Comment by kevincox

5 years ago

> the first 6 function parameters are guaranteed to be passed via registers.

This assumes that your function is being called via the regular calling convention. By the as-if rule there is nothing guaranteeing that an internal call is using the regular calling convention or that it hasn't been inlined.

Are there cases where a compiler reasonably would internally use a different calling convention that supports fewer arguments passed via register passing?

Yours is still a valid point (no reason doesn't imply a guarantee) even if there's none, to be clear. Just curious because I can't really see any reason for a compiler to do so.

I can imagine some theoretical cases where compiler optimizations lead to additional arguments to be passed to a function [version].

  • Yes, in cases where optimizations would call for it.

    If a function is marked `static` for example (in C) it means that it's private and local to the translation unit, which means there doesn't need to be a standard ABI agreement between it and external consumers, thus compiler is free to optimize calls or even inline it if necessary. This can drastically reduce both code size and runtime cost.

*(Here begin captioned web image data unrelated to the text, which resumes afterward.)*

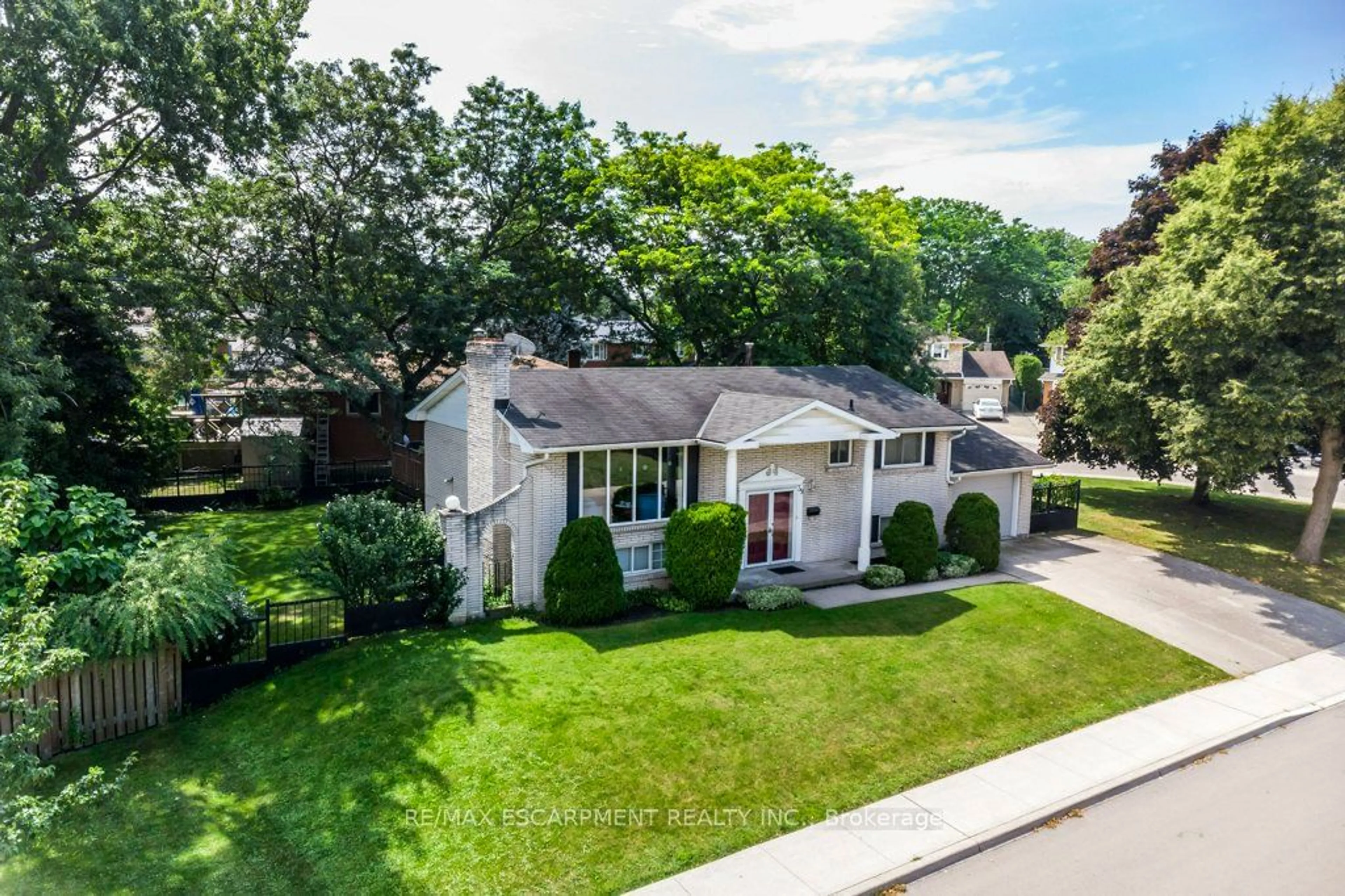 Frontside or backside of a home, the street view for 39 San Francisco Ave, Hamilton Ontario L9C 5N8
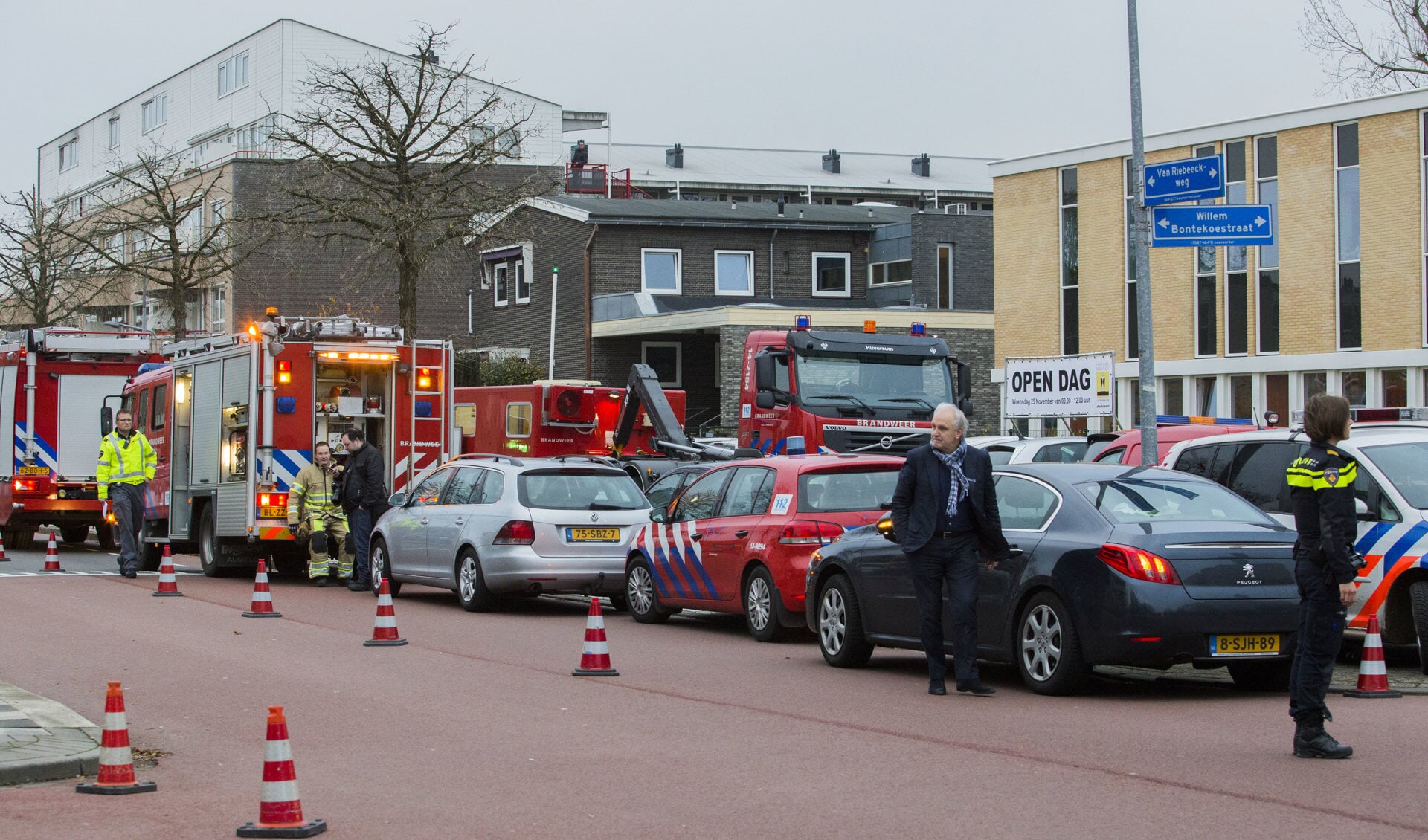 Bij de brand aan de Hilversumse Bontekoestraat viel een dode.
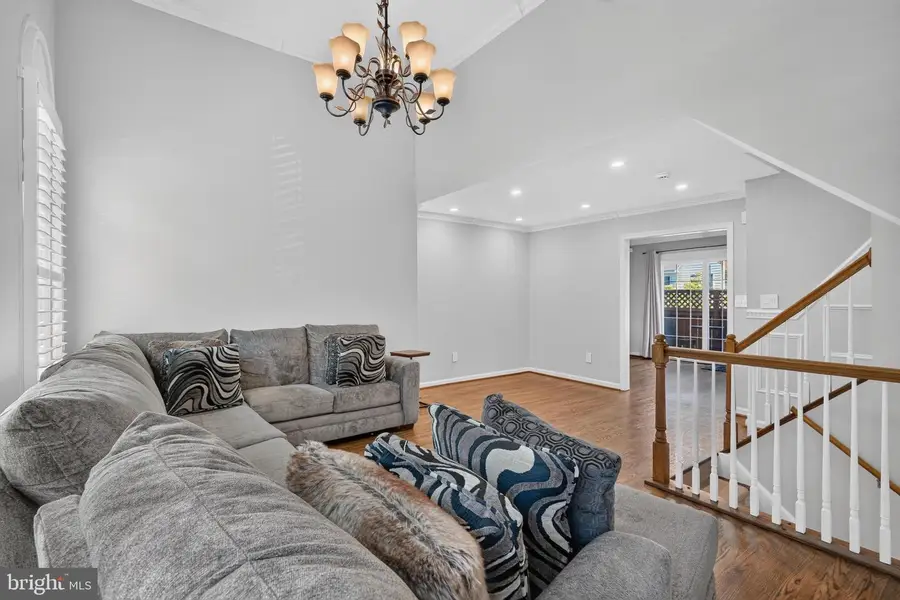4659 Lambert Dr, Alexandria, VA 22311 - #3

  • I agree it is unlikely. I can imagine something like the compiler realizing that some computation is pure, so it caches the value across invocations of the function, essentially adding addition arguments that push the actual arguments onto the stack. Of course this is an unlikely edge case but a reasonable set of possible optimizations that would work together I'm a surprising way.

We use the "noinline" attribute to get control over inlining, which gives a reasonable assurance that we'll get a normal standard ABI call with six parameters in registers on x64/ARM64.

  • That doesn’t disable other optimizations like cloning and IP-IRA (if those still exist), so it’s still possible to get a different calling convention. That would hopefully have more registers in use though, not less.